Short text fragments from websites
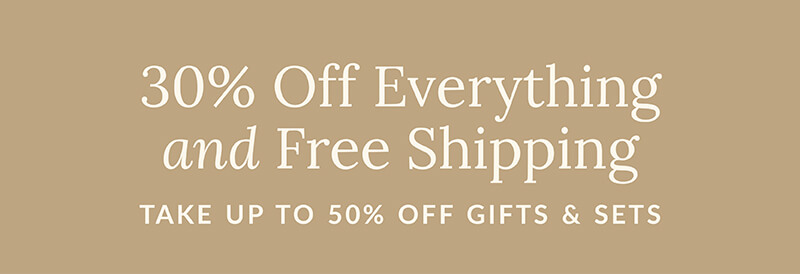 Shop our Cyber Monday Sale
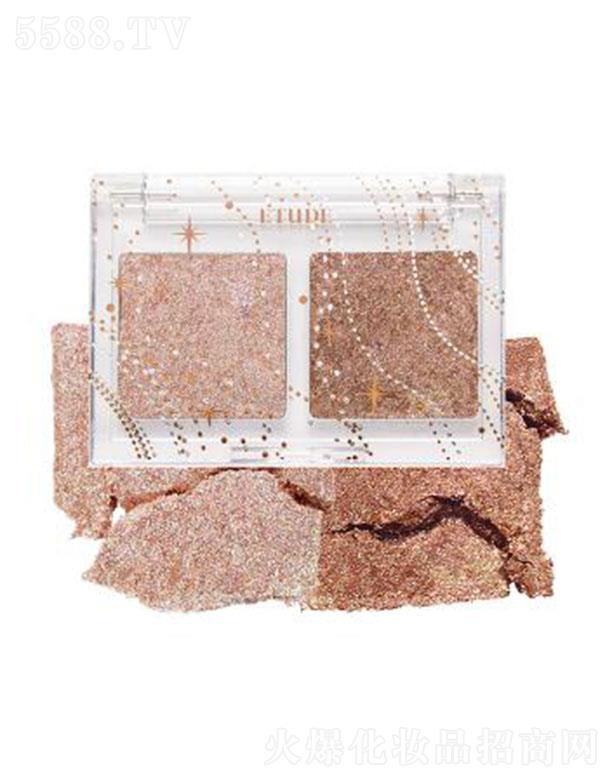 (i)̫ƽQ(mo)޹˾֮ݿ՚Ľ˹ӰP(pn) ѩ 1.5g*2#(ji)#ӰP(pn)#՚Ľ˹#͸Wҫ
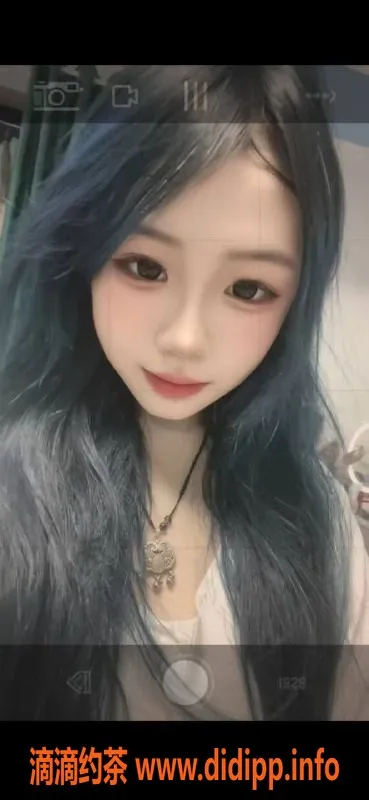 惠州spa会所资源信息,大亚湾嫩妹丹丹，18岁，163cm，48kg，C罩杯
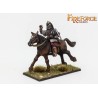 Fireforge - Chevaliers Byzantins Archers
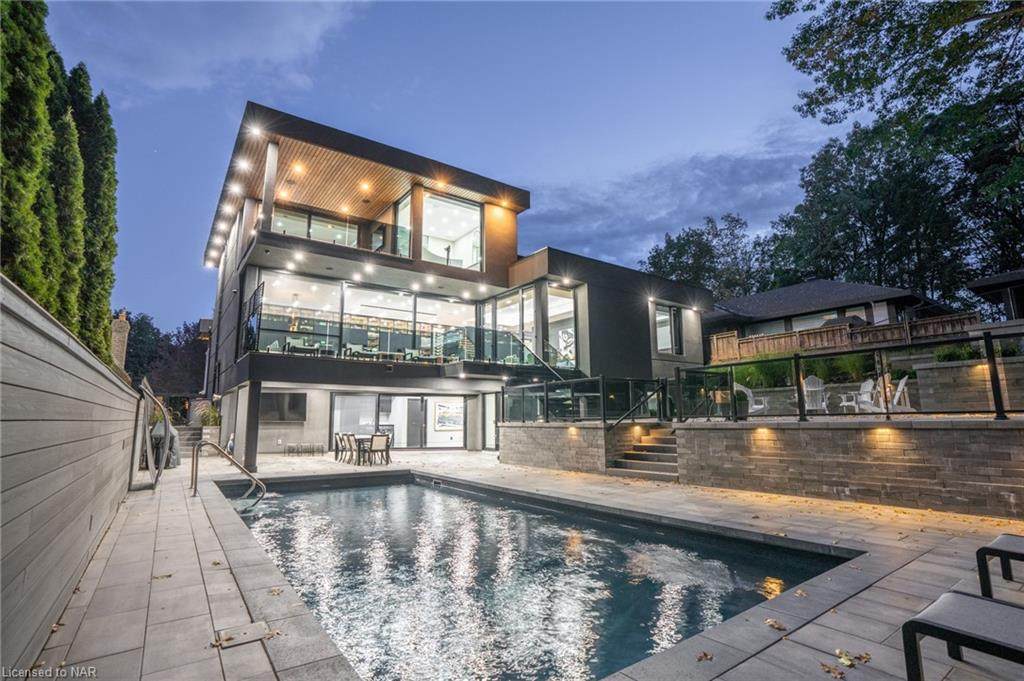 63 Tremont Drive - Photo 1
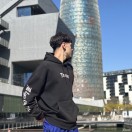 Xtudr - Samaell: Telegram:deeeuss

What the exercise asks: For the records above, give every line again exactly and skip the pictures.

Answer below:
 Shop our Cyber Monday Sale
 (i)̫ƽQ(mo)޹˾֮ݿ՚Ľ˹ӰP(pn) ѩ 1.5g*2#(ji)#ӰP(pn)#՚Ľ˹#͸Wҫ
 惠州spa会所资源信息,大亚湾嫩妹丹丹，18岁，163cm，48kg，C罩杯
 Fireforge - Chevaliers Byzantins Archers
 63 Tremont Drive - Photo 1
 Xtudr - Samaell: Telegram:deeeuss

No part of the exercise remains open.